═══ Dataset
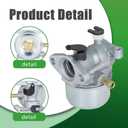 ALL-CARB 799866 Carburetor Replacement for Briggs Stratton 22" Replacement for Toro 6.5 6.75 7.0 7.25HP Recycle Mower 190cc 796707 794304 790845 799871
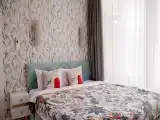 Вилла с горячим бассейном "Джуца Люкс" с видом на горы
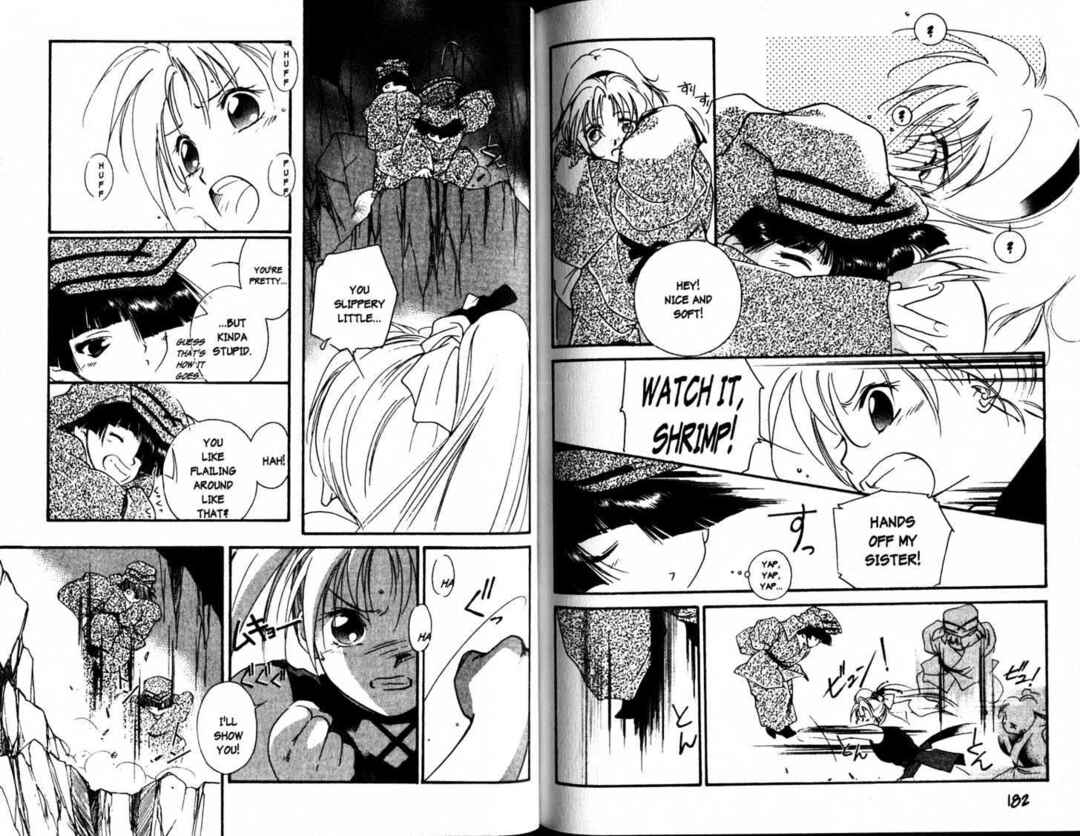 Page 11 Chapter 20 The Kung Fu Sisters Lin³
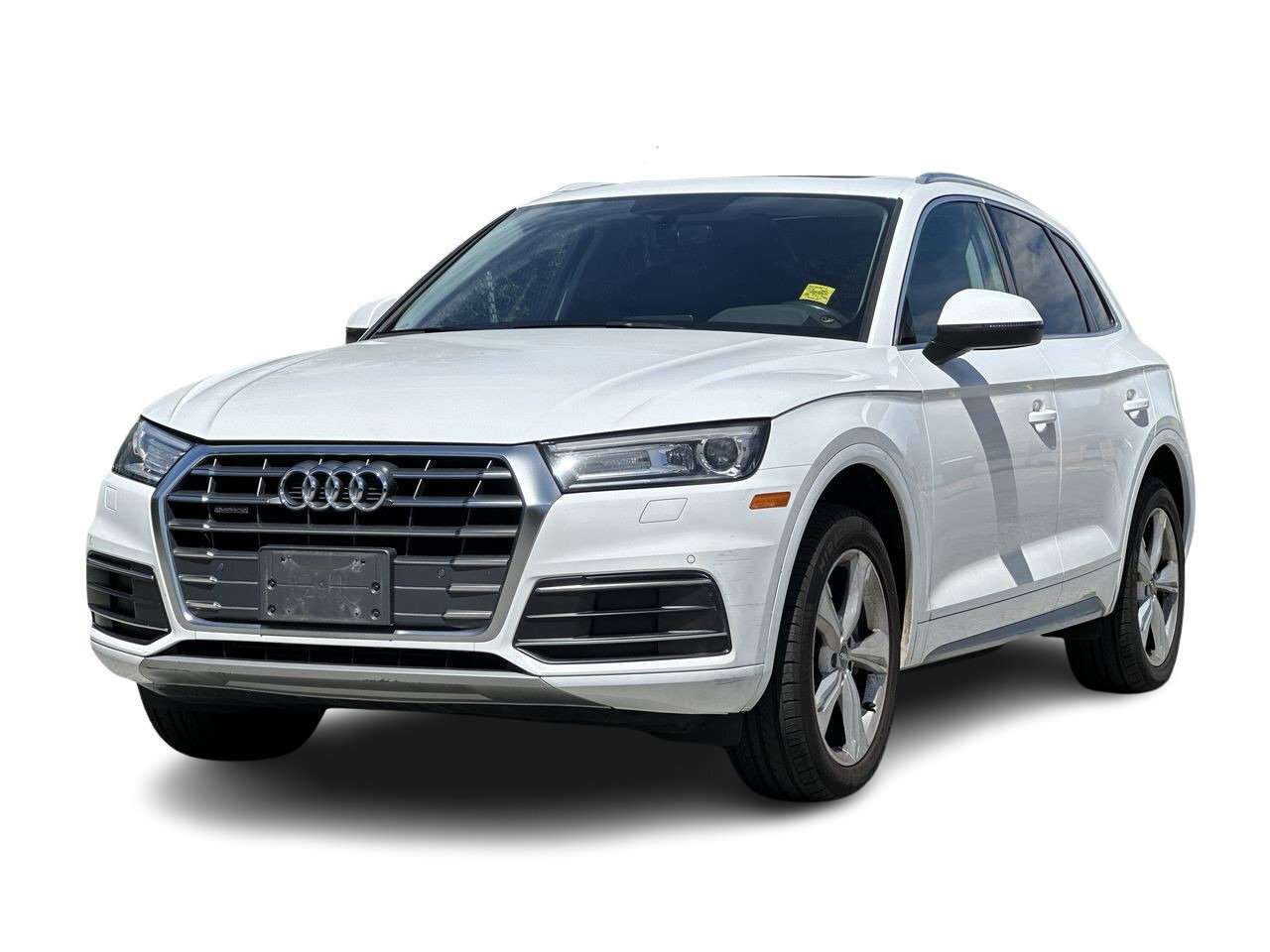 2018 Audi Q5 Heated Leather! Navigation! Sunroof! Power tailgat 4 cyl alt 5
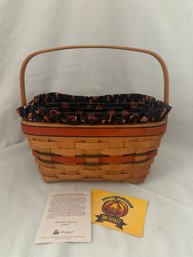 1994 Longaberger Halloween Boo Basket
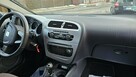 Seat Leon 2010 r 1.6 TDI LIFT Klimatronik PDC Tempomat Alum Serwis ZAREJESTROWAN - 15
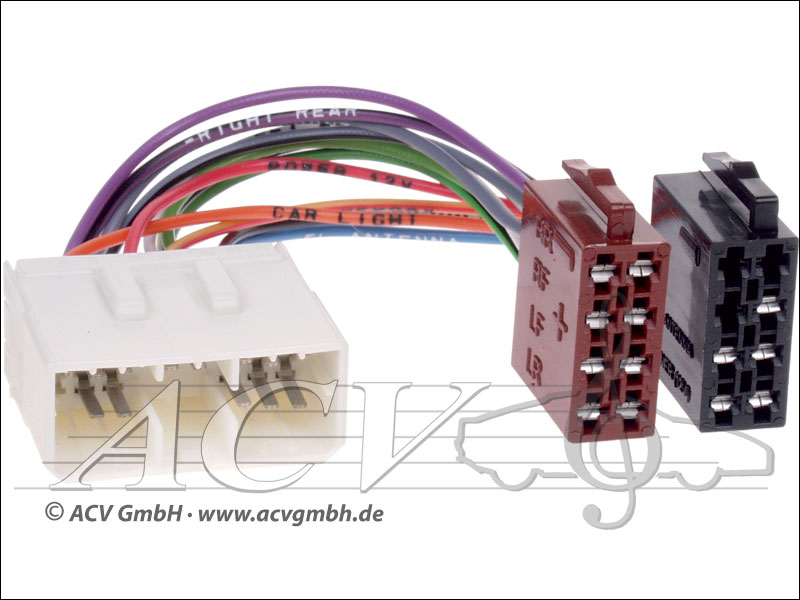 ACV 1141-02 Radioanschlusskabel Hyundai ACV 1141-02 Radioanschlusskabel Hyundai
══════
Instructions for the task => Pictures do not belong in the copy. Please reproduce the entries above exactly otherwise.

Task result =>
 ALL-CARB 799866 Carburetor Replacement for Briggs Stratton 22" Replacement for Toro 6.5 6.75 7.0 7.25HP Recycle Mower 190cc 796707 794304 790845 799871
 Вилла с горячим бассейном "Джуца Люкс" с видом на горы
 Page 11 Chapter 20 The Kung Fu Sisters Lin³
 2018 Audi Q5 Heated Leather! Navigation! Sunroof! Power tailgat 4 cyl alt 5
 1994 Longaberger Halloween Boo Basket
 Seat Leon 2010 r 1.6 TDI LIFT Klimatronik PDC Tempomat Alum Serwis ZAREJESTROWAN - 15
 ACV 1141-02 Radioanschlusskabel Hyundai ACV 1141-02 Radioanschlusskabel Hyundai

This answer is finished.